As a freshman at Truman, Jason Beckfield (’98) laughed at the idea of pursuing a Ph.D. in sociology after his undergraduate degree. Now, after many laborious doctoral years, Beckfield has moved from the “Harvard of the Midwest” to full-time professor of sociology at Harvard University in Massachusetts.
The liberal arts program drew Beckfield to Truman, allowing him to explore different career paths and major options. With the help of his professor and mentor Jack Mitchell, Beckfield became interested in the field of sociology. Intimidating and demanding, Mitchell would often come to class still dressed for duck hunting, occasionally barking out questions to his students.
“His answer to all my attempts was something like ‘No!’ or ‘You’re thinking about it wrong!’” Beckfield said. “Being a student in his class was a little scary, and also intellectually thrilling.”
Mitchell was crucial in Beckfield’s decision to attend graduate school. He cleared up Beckfield’s initial hesitations and explained the positives of good graduate programs in sociology. His compelling lectures and excellent teaching helped Beckfield excel in school, which earned him a Chancellor’s Fellowship to Indiana University.
After Indiana, Beckfield taught as an assistant professor at the University of Chicago. Later, Harvard offered his wife a postdoctoral fellowship and the two moved to Massachusetts, where they still live with their two kids.

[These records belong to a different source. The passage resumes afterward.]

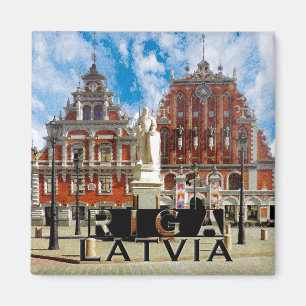 Riga Magnet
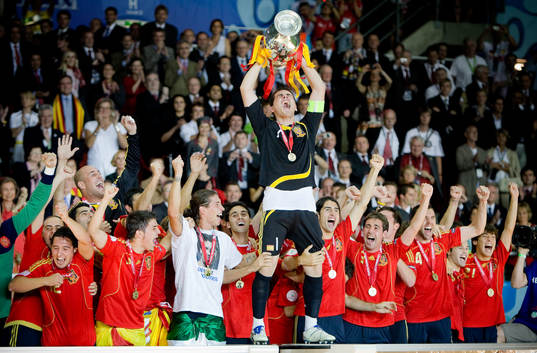 Iker Casillas, målvakt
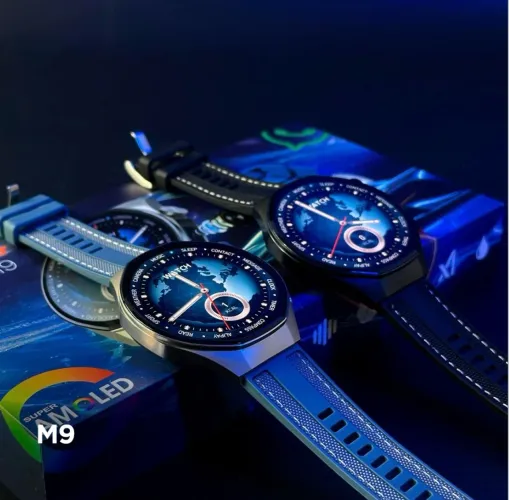 Relógio MICROWEAR M9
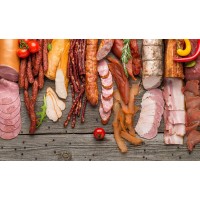 VIANDES, CHARCUTERIES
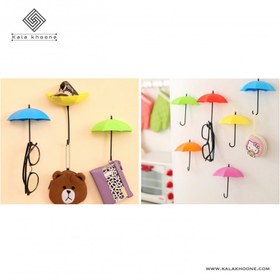 تصویر آویز چتر ۳ عددی 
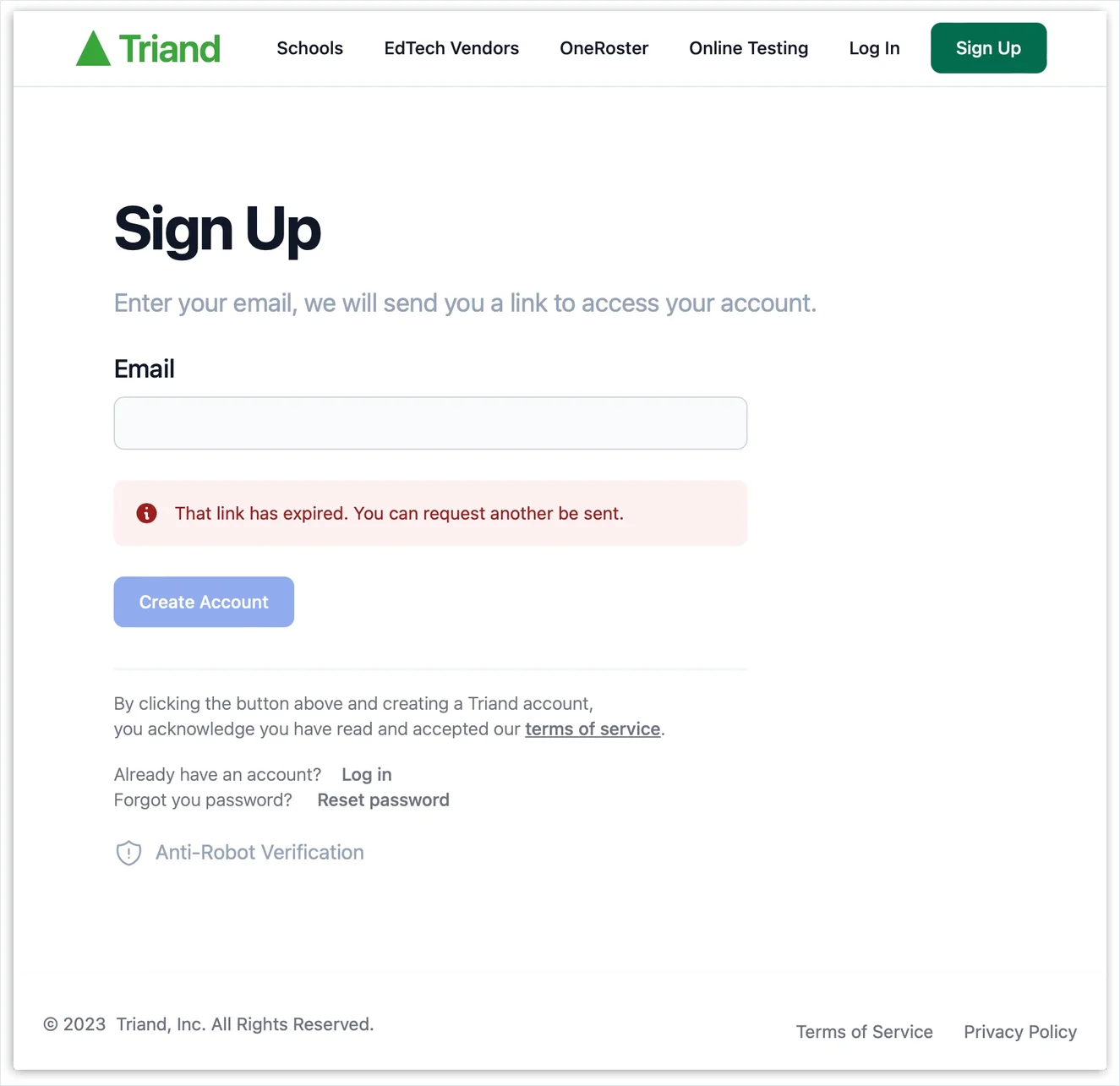 screenshoot link expired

Beckfield picked up work as a visiting assistant professor during his first year at Harvard, yet had no intention of staying.
“I thought I might go back to Chicago, or go somewhere else,” Beckfield said. “To our shock, both my wife and I were offered jobs at Harvard and we have been here ever since.”
Relieved and ecstatic, Beckfield was promoted to full-time professor of sociology at Harvard in February 2011. His job is equal parts research, teaching and service. In the past, he has served as director of undergraduate studies and is the current director of graduate studies.
“Few people in the world are so privileged as tenured professors,” Beckfield said. “We have a lot of freedom to ask and answer the questions that we find important, and we have very nice working conditions compared to nearly any other job in the world.”
Fairness, whether it is in working conditions or quality of life, is a particular area of interest to Beckfield. He is currently devoting his time to exploring the effect of the European Union on social inequalities, and how social inequalities in the United States compare to inequalities in other countries. With his research, Beckfield has published books, papers and numerous journal articles, including one of his favorites “The Social Structure of the World Polity.” In this article, he illustrated growing political inequality around the world.
Although Beckfield might not come to class dressed for duck hunting, he still relates to his Midwest roots. Compared to Truman, Harvard is a much larger environment with high research expectations. However, Beckfield says the universities are similar in the fact they both place a strong emphasis on undergraduate teaching.
“I am glad people still call Truman the ‘Harvard of the Midwest,’ because in some ways they do share a similar spirit of encouraging and nourishing the curious mind,” Beckfield said.